* **Action item**
All pictures are to be omitted while the lines starting at the line with "A warehouse employee" and ending at the line with "a small stuffed" in the material below are retyped exactly, both ends included.

* **Provided records**
- Opening Delimiter -

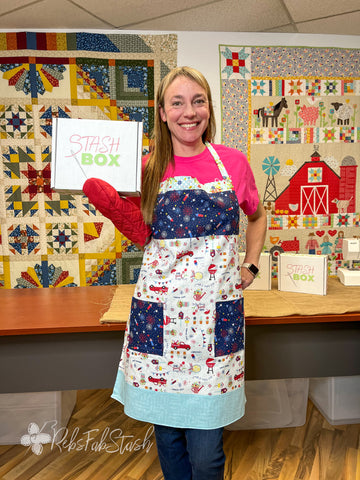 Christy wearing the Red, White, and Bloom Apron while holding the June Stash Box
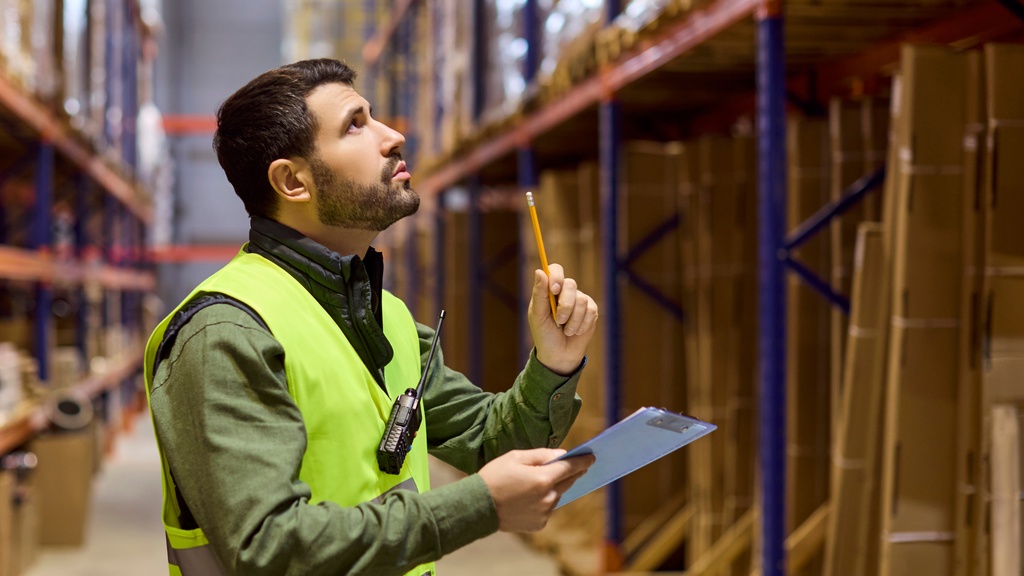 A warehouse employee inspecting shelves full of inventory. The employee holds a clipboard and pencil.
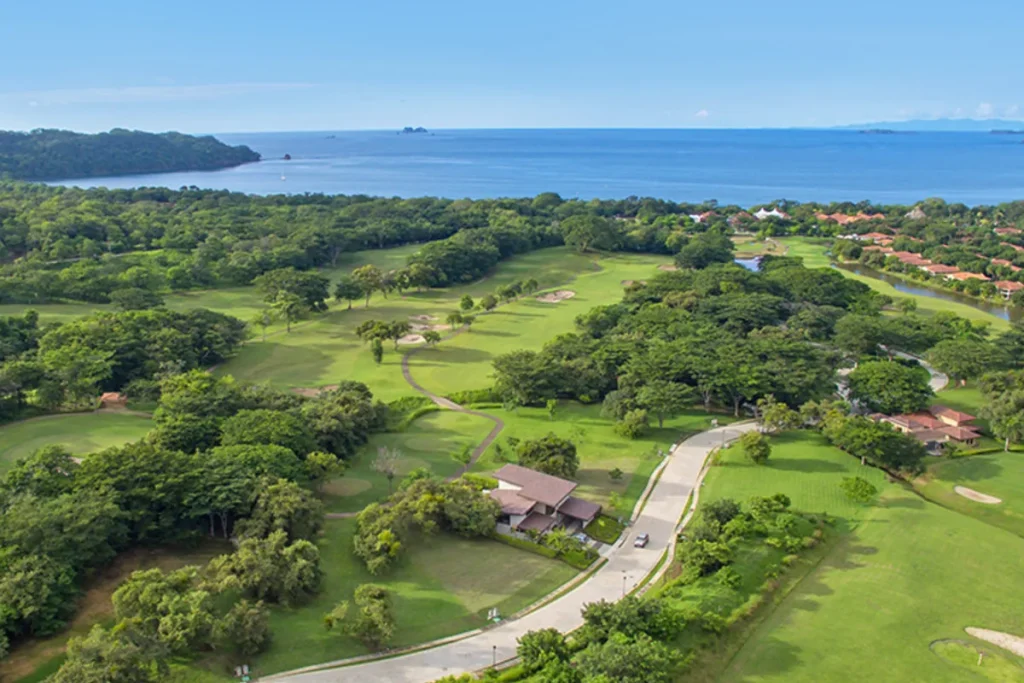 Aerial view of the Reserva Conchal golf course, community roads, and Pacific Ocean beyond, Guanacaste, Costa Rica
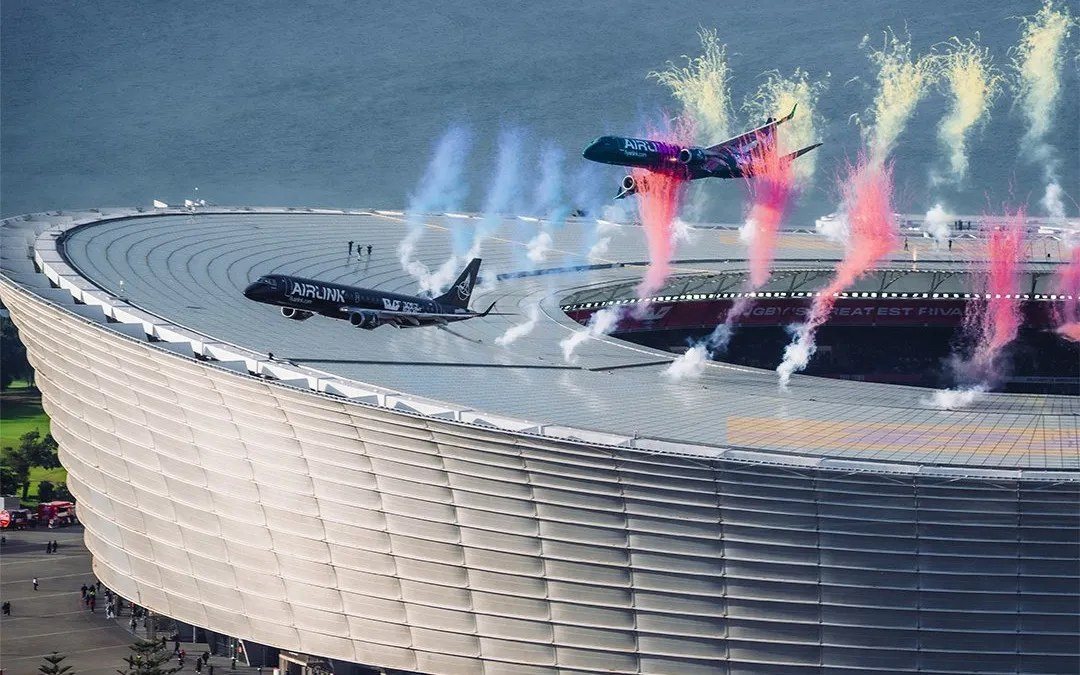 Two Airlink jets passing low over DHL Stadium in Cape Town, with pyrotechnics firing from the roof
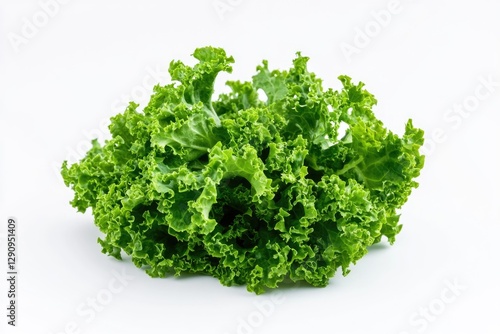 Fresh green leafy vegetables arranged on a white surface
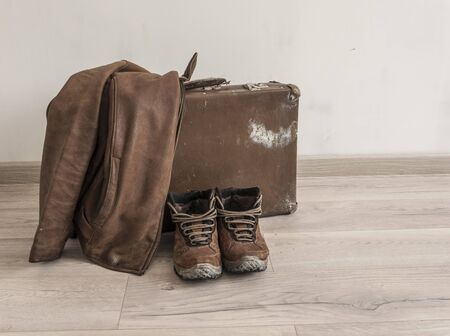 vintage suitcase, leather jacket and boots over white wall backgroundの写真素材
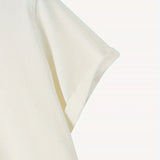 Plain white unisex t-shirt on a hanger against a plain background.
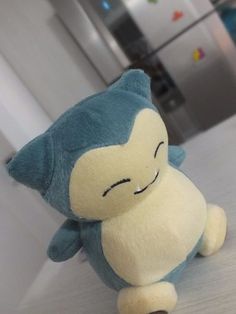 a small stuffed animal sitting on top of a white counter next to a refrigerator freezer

- Closing Delimiter -
- Opening Delimiter -

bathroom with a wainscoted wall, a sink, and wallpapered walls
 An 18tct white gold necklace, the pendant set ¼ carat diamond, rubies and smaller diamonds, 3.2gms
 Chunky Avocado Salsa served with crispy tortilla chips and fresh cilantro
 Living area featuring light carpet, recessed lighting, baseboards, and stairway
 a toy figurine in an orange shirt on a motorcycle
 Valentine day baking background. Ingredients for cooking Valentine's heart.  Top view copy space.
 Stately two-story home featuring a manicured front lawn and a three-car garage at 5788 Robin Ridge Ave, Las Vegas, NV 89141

- Closing Delimiter -
- Opening Delimiter -

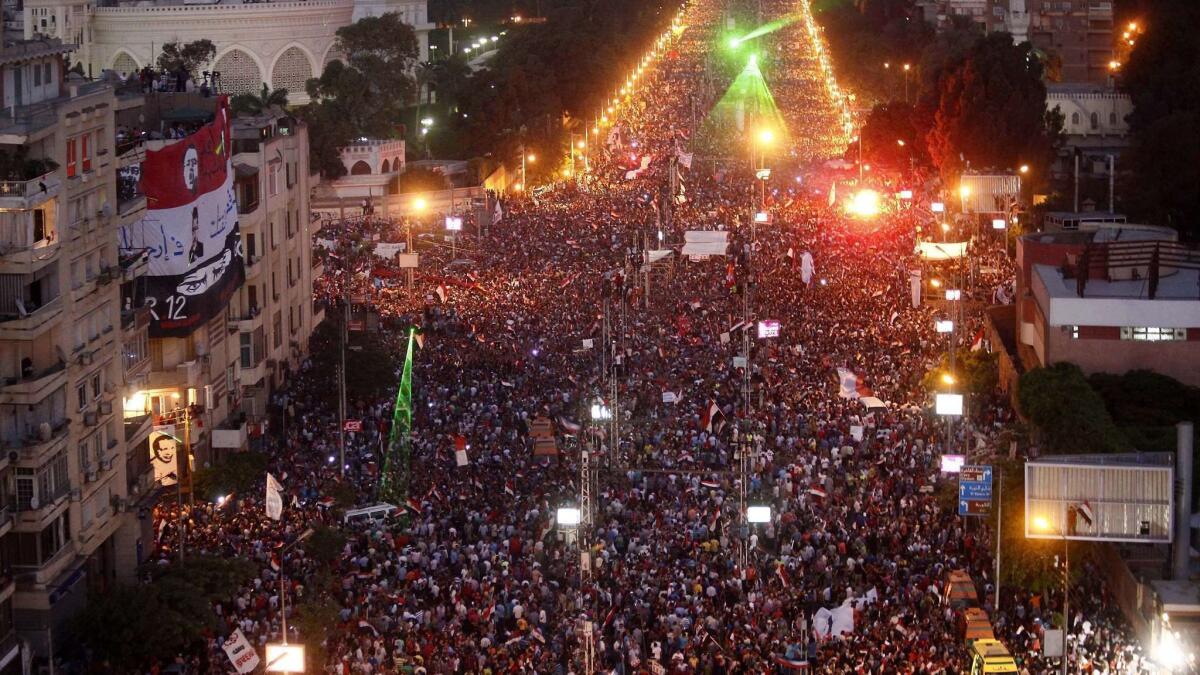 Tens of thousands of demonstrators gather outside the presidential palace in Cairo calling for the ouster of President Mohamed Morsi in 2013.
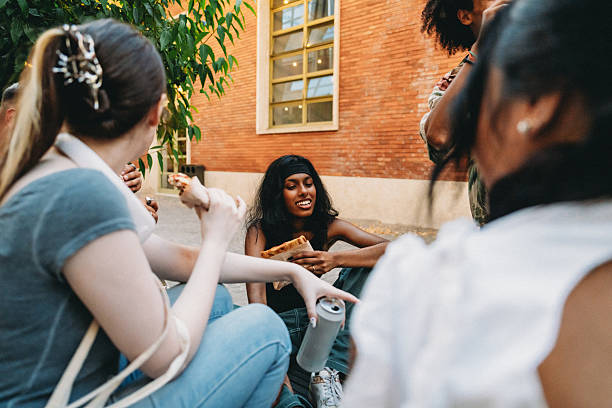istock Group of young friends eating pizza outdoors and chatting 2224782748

- Closing Delimiter -

* **Problem solution**
 A warehouse employee inspecting shelves full of inventory. The employee holds a clipboard and pencil.
 Aerial view of the Reserva Conchal golf course, community roads, and Pacific Ocean beyond, Guanacaste, Costa Rica
 Two Airlink jets passing low over DHL Stadium in Cape Town, with pyrotechnics firing from the roof
 Fresh green leafy vegetables arranged on a white surface
 vintage suitcase, leather jacket and boots over white wall backgroundの写真素材
 Plain white unisex t-shirt on a hanger against a plain background.
 a small stuffed animal sitting on top of a white counter next to a refrigerator freezer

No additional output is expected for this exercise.